Where the line containing "2023 McLaren Artura Performance" appears, begin retyping; continue exactly through the final line of the data. Omit every picture.

**Recorded information**

-------

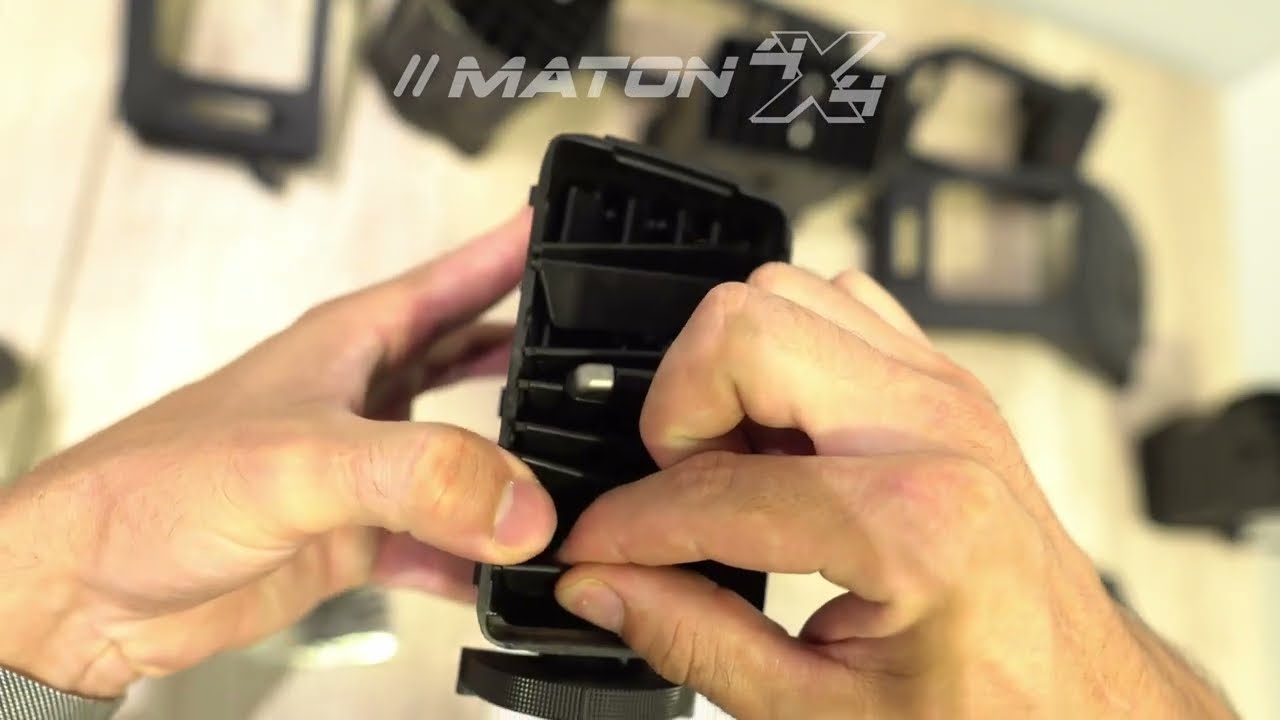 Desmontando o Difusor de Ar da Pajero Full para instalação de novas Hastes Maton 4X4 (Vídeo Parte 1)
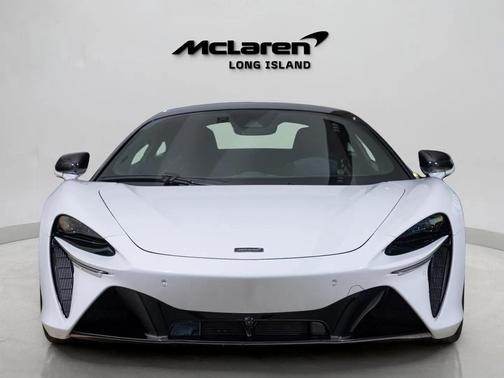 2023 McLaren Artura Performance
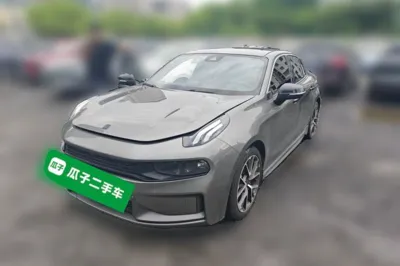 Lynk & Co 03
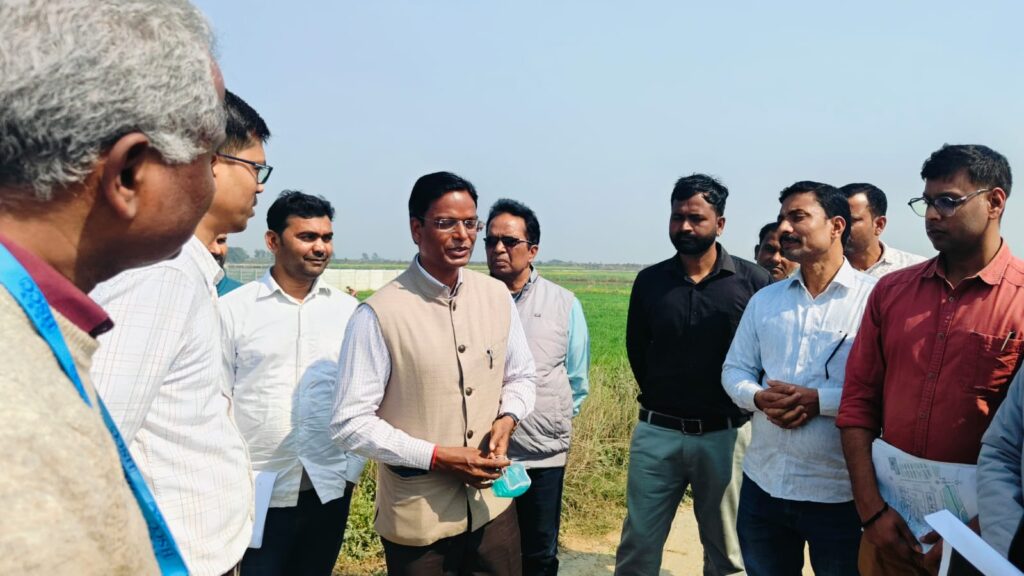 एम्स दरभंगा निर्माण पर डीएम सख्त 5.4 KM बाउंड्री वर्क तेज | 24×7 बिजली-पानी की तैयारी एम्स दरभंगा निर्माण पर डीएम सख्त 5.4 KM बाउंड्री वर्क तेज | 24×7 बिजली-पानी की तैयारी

-------

**Solution below**
 2023 McLaren Artura Performance
 Lynk & Co 03
 एम्स दरभंगा निर्माण पर डीएम सख्त 5.4 KM बाउंड्री वर्क तेज | 24×7 बिजली-पानी की तैयारी एम्स दरभंगा निर्माण पर डीएम सख्त 5.4 KM बाउंड्री वर्क तेज | 24×7 बिजली-पानी की तैयारी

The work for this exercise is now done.